La hoja de olivo se ha usado desde hace tiempo en infusiones y extractos por su contenido en compuestos fenólicos. Dentro de la alimentación y el cuidado diario, interesa por sus propiedades antioxidantes y por su posible efecto sobre la tensión arterial, la glucosa y algunos marcadores cardiovasculares. Aun así, no todas sus aplicaciones tienen el mismo nivel de evidencia.
¿Qué compuestos explican las propiedades de la hoja de olivo?
La hoja de olivo procede de una planta rica en oleuropeína, hidroxitirosol y flavonoides. Estas sustancias participan en la defensa natural del olivo y, en el organismo, se estudian por su capacidad para modular el estrés oxidativo, la inflamación y la función vascular.
Las propiedades más citadas de la hoja de olivo se relacionan con su acción antioxidante y con un posible apoyo al metabolismo cardiometabólico. Esto no significa que actúe igual en todas las personas, ni que una infusión casera tenga la misma concentración que un extracto estandarizado.
¿Qué dice la investigación sobre la tensión arterial?
La tensión arterial es el beneficio más investigado de la hoja de olivo. Un metaanálisis reciente en adultos con prehipertensión o hipertensión observó una reducción de la presión sistólica con extracto de hoja de olivo, con resultados más claros en dosis altas de 1000 mg al día. Los autores también advirtieron que los ensayos fueron heterogéneos y de calidad variable.
Esto sugiere un posible efecto de apoyo, no un sustituto del tratamiento. Si una persona ya toma fármacos antihipertensivos, el uso de esta planta requiere cautela por el riesgo de sumar efectos y favorecer bajadas excesivas de presión.

¿Cuáles son los posibles beneficios más citados?
Las propiedades atribuidas a la hoja de olivo suelen repetirse en suplementos, tés y extractos. Conviene separarlas según el respaldo disponible y no asumir que todas están igual de demostradas.
- Apoyo antioxidante, por su contenido en polifenoles.
- Posible ayuda en el control de la tensión arterial.
- Posible efecto sobre triglicéridos y otros marcadores cardiometabólicos.
- Interés en la respuesta inflamatoria y el metabolismo de la glucosa.
- Uso tradicional en infusión dentro de rutinas de bienestar.
Si quieres revisar los beneficios de las hojas de olivo, conviene fijarse también en las precauciones, la forma de preparación y las situaciones en las que no se recomienda su uso sin orientación profesional.
¿Cómo se consume y qué diferencias hay entre té y extracto?
La hoja de olivo puede consumirse en té, cápsulas o extracto líquido. La diferencia clave está en la concentración. Una infusión aporta compuestos de forma más variable, mientras que un extracto suele indicar la cantidad de principio activo, algo importante cuando se intenta valorar dosis y respuesta.
Otra investigación en la misma línea apuntó a descensos modestos de la presión sistólica y de los triglicéridos con extracto de hoja de olivo en adultos, aunque con resultados variables entre estudios, lo que refuerza una lectura prudente de la mejoría modesta en presión sistólica y triglicéridos.
¿Qué precauciones conviene tener antes de usar esta planta?
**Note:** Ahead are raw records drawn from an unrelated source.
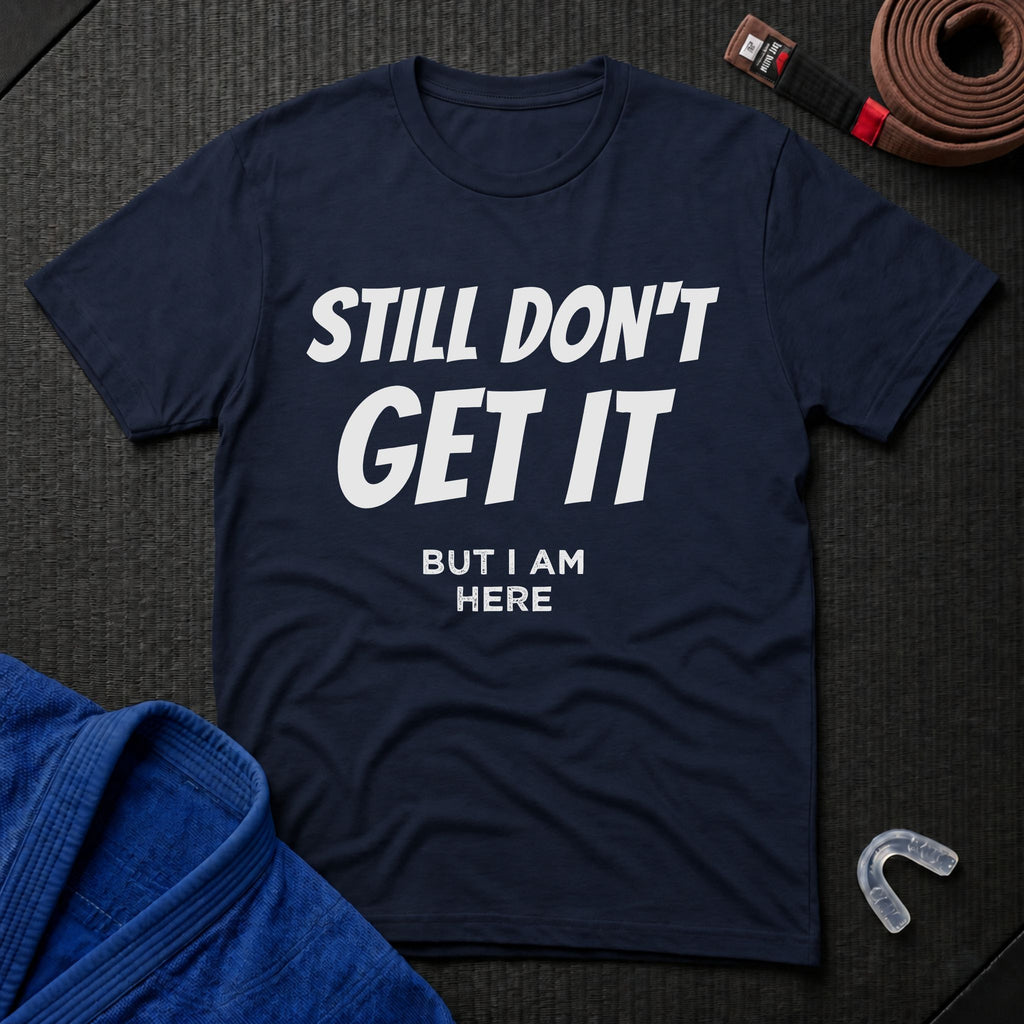 Still Don't Get It T-Shirt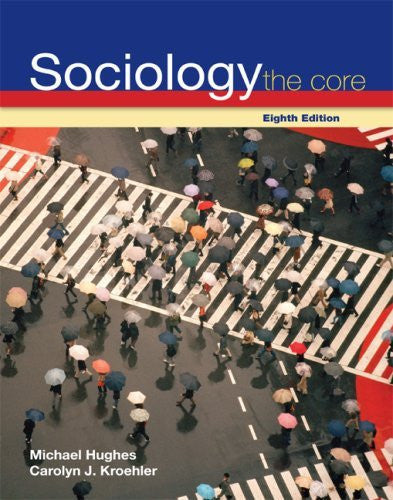 Sociology The Core by Michael Hughes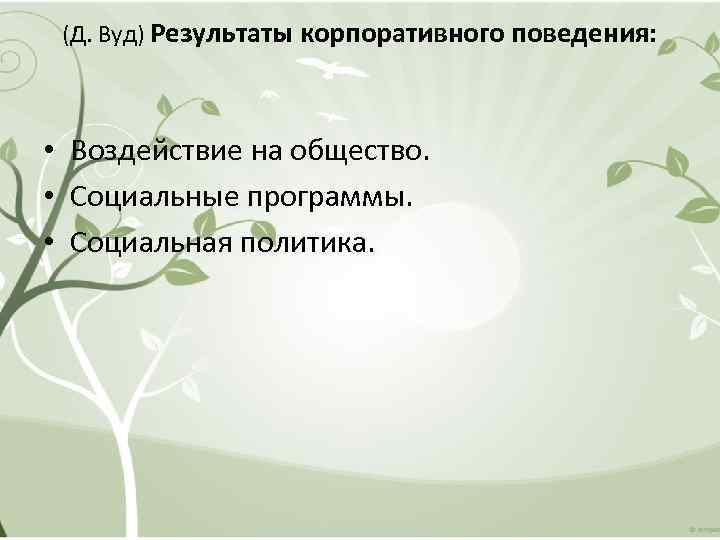 (Д. Вуд) Результаты корпоративного поведения: • Воздействие на общество. • Социальные программы. • Социальная
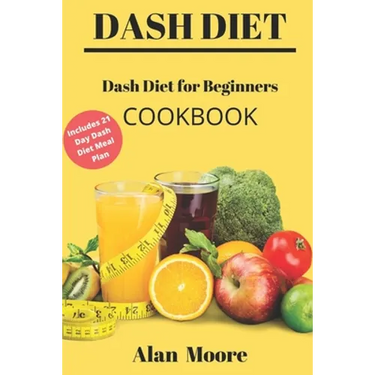 Dash Diet for Beginners: Dash Diet Cookbook with 21 Days Meal Plan to Lose Weight Lower Your Blood Pressure and Improve Your Health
Aunque sea una planta, la hoja de olivo no está libre de contraindicaciones. Puede no ser adecuada en personas con presión baja, en quienes usan medicación para la hipertensión o la diabetes, y durante embarazo o lactancia si no hay indicación profesional individual.
- Vigilar mareo, debilidad o descenso excesivo de la presión.
- Evitar combinar suplementos sin revisar interacciones.
- Respetar la dosis del fabricante si se usa extracto.
- Suspender su uso ante reacciones digestivas o malestar persistente.
La hoja de olivo puede aportar compuestos bioactivos interesantes dentro de una pauta dietética equilibrada, pero su papel encaja mejor como complemento. Cuando el objetivo es actuar sobre presión arterial, lípidos o glucosa, lo decisivo sigue siendo el patrón alimentario, el control clínico y el ajuste individual de cada intervención.
Este contenido tiene carácter exclusivamente informativo y no sustituye la evaluación, el diagnóstico ni el seguimiento de un profesional sanitario. Si presentas síntomas o tienes dudas sobre tu estado de salud, busca atención médica.